High-Concurrency, Cross-Center Hot Backup Scenarios with TiDB

Author: Yong Duan, DBA at Mashang Consumer Finance

The choice of database can significantly impact operational efficiency, especially in high-concurrency, cross-center hot backup scenarios. This blog delves into the experiences and challenges faced by Mashang Consumer Finance during their selection and use of TiDB, compared to MySQL. We’ll explore practical applications, highlighting the strengths and weaknesses of each database.

Company Overview

Mashang Consumer Finance Co., Ltd. (or “Mashang Consumer”) is a trailblazer in the financial technology space, backed by a consumer finance license from the former China Banking and Insurance Regulatory Commission. Since its inception in June 2015, Mashang Consumer has rapidly expanded, securing three rounds of capital increase and pushing its registered capital beyond 4 billion yuan. With a staggering cumulative transaction volume surpassing one trillion yuan, the company’s growing data demands have introduced new and complex challenges for its database infrastructure.

Why Do Consumer Finance Institutions Use MySQL?

MySQL is a well-established relational database that has become one of the most widely used in the industry. Over the years, it has proven itself by offering essential features like data security, transaction processing, high availability, and performance optimization. Its stability and reliability have made it a popular choice, particularly in small to medium-sized enterprises and traditional financial industries.

For financial institutions, data security is paramount. MySQL’s reputation for high reliability and stability is a key reason it’s favored by the financial sector, especially for managing large volumes of transaction records, account management, and risk management. Other critical factors include scalability, performance, cost-effectiveness, and security compliance.

Scalability is particularly vital in finance, where MySQL supports high-availability architectures like master-slave replication, read-write separation, and cluster deployment. These features allow MySQL to handle the increasing data processing demands and concurrent access typical in the financial industry. However, while MySQL can achieve read scalability by adding slave nodes, write scalability is more challenging and requires sharding—a process that can be complex to implement.

What are the Problems While Using MySQL?

MySQL has several limitations, particularly in the following areas:

Handling Large Datasets
High Concurrency Processing
High Availability and Disaster Recovery

These issues can be summarized as MySQL’s inability to overcome the single-machine performance bottleneck. Additionally, high availability and disaster recovery present challenges:

Asynchronous Replication: If the master node is under heavy load, master-slave delays can occur.
High Consistency (e.g., MGR – MySQL Group Replication): While this option ensures consistency, it often comes at the cost of performance, creating a difficult trade-off.

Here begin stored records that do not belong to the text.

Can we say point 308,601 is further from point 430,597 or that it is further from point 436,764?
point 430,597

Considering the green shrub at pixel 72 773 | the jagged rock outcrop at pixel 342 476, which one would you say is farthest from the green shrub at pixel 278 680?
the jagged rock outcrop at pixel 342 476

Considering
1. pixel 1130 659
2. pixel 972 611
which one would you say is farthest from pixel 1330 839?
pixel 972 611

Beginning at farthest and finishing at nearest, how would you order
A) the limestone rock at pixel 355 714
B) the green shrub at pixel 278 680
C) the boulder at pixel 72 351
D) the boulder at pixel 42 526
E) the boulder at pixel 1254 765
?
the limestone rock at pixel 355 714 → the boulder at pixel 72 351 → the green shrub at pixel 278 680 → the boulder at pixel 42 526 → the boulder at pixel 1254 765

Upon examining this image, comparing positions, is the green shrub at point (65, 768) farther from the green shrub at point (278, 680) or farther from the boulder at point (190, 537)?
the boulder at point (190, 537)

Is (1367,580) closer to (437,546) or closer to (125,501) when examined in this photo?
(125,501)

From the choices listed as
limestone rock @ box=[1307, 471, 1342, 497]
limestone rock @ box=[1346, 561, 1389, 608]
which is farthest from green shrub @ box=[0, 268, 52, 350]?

Based on these pain points, our experience with MySQL typically progresses through three stages:

Single-Machine Multi-Database Splitting: Distributes the load across multiple databases on a single machine.
Single-Database Multi-Table Splitting: Further divides the data within a single database to manage performance.
Hot and Cold Data Separation and Data Sharding: Separates frequently accessed data from less active data and partitions the database to distribute the load.

Each of these solutions has its own set of shortcomings, which will be explored in detail below.

Cluster Splitting

In the early stages of a business, it’s common to integrate multiple databases within a single cluster. However, as the business grows and the workload increases, this approach often becomes unsustainable. To manage the rising pressure, databases are split, with each business type assigned to a separate cluster to balance the load. If splitting the database isn’t feasible, tables are divided based on specific business scenarios. For instance, if business A uses three tables and business B also uses three tables, the tables for business A might be placed in one cluster while those for business B are placed in another.

Despite these efforts, this solution has significant limitations. The primary issue is the concurrency of a single database. Even after splitting, once the table data reaches a certain size, it still may not meet the business’s concurrency demands. Furthermore, some business models require hundreds of tables to be joined during routine operations, making it impractical to split them. Another challenge arises with cross-database associations—when tables from different databases need to be joined, splitting makes this impossible to achieve.

Data Archiving

When the data volume of a single database has reached a certain scale and can no longer be split, historical data archiving is necessary. For example, data from three months ago may not be used frequently, so it can be directly moved to an archiving platform. The above diagram illustrates a typical data archiving process: first, provide an archiving platform, with hot data stored in the online database cluster and historical data stored in the archiving platform.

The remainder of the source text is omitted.